*** Dataset records ***
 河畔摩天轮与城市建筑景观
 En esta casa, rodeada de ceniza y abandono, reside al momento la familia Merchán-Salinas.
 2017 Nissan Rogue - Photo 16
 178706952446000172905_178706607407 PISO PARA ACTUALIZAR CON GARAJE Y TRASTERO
*** End of Dataset records ***
*** Dataset records ***
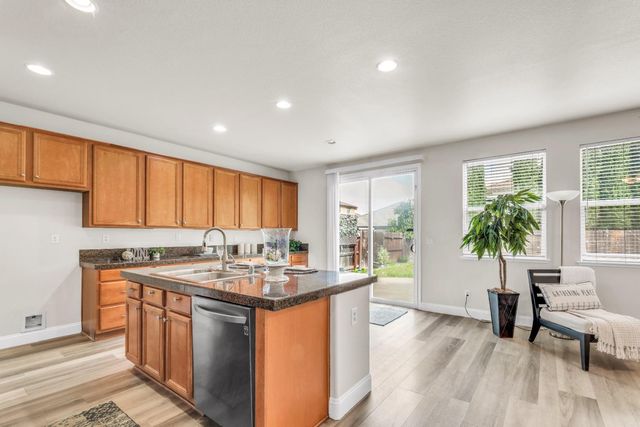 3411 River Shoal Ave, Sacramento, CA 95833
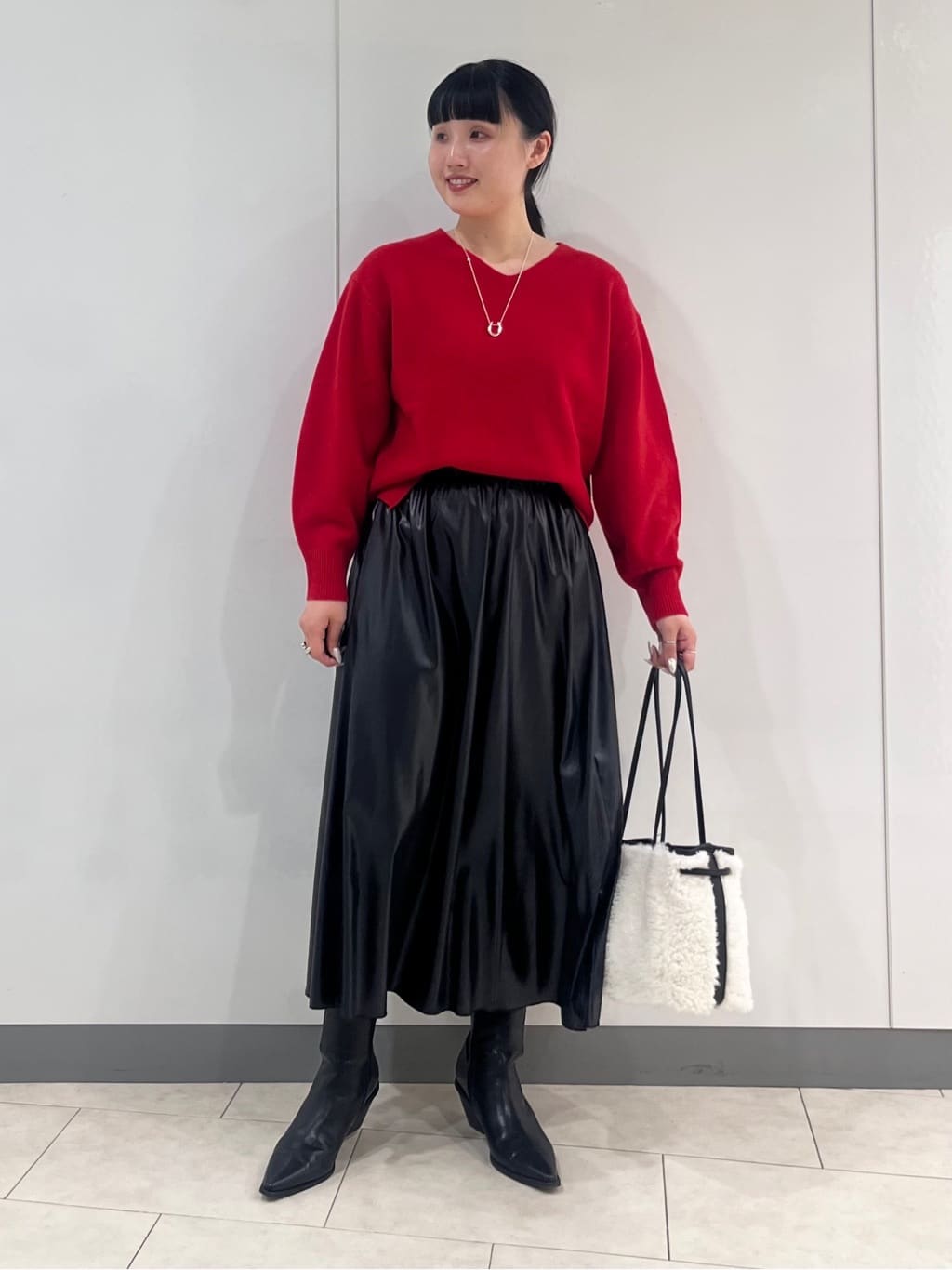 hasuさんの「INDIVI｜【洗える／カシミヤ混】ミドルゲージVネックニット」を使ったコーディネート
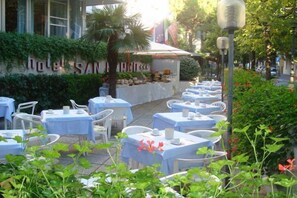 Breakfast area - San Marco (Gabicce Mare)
*** End of Dataset records ***
*** Dataset records ***
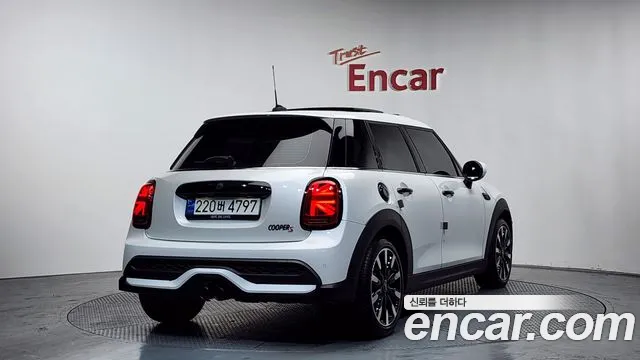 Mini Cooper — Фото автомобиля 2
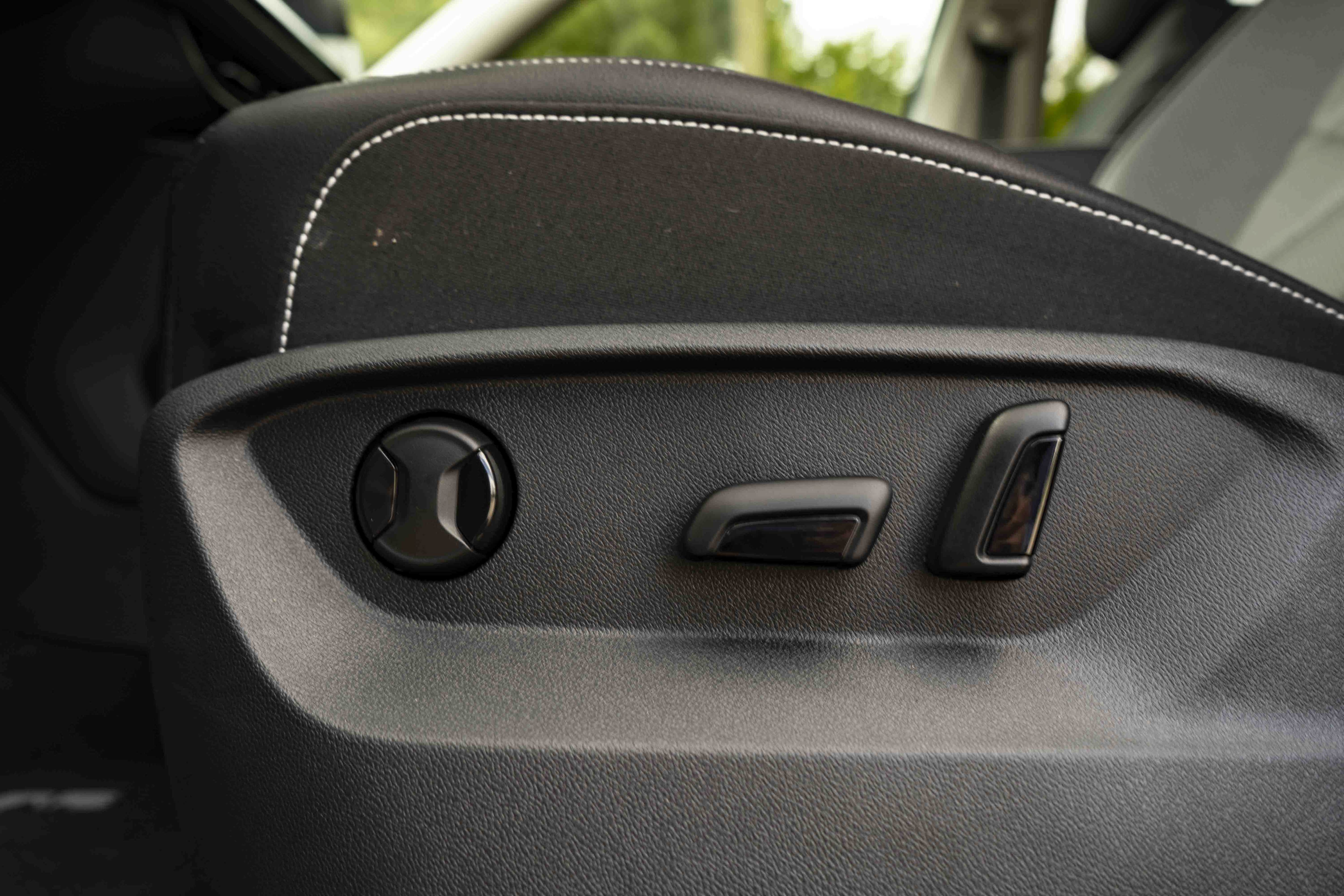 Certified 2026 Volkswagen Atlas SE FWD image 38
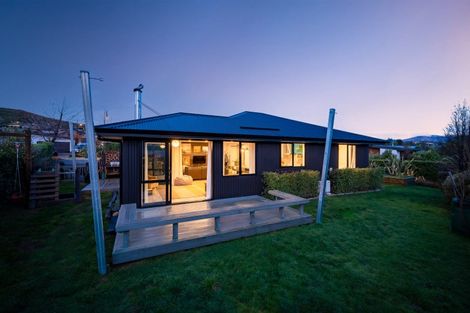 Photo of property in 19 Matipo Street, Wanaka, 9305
*** End of Dataset records ***
What is needed: Within the material above, output exactly the lines from the one with "河畔摩天轮与城市建筑景观" through the one with "178706952446000172905_178706607407 PISO PARA", end lines included, and nothing besides.

Output:
 河畔摩天轮与城市建筑景观
 En esta casa, rodeada de ceniza y abandono, reside al momento la familia Merchán-Salinas.
 2017 Nissan Rogue - Photo 16
 178706952446000172905_178706607407 PISO PARA ACTUALIZAR CON GARAJE Y TRASTERO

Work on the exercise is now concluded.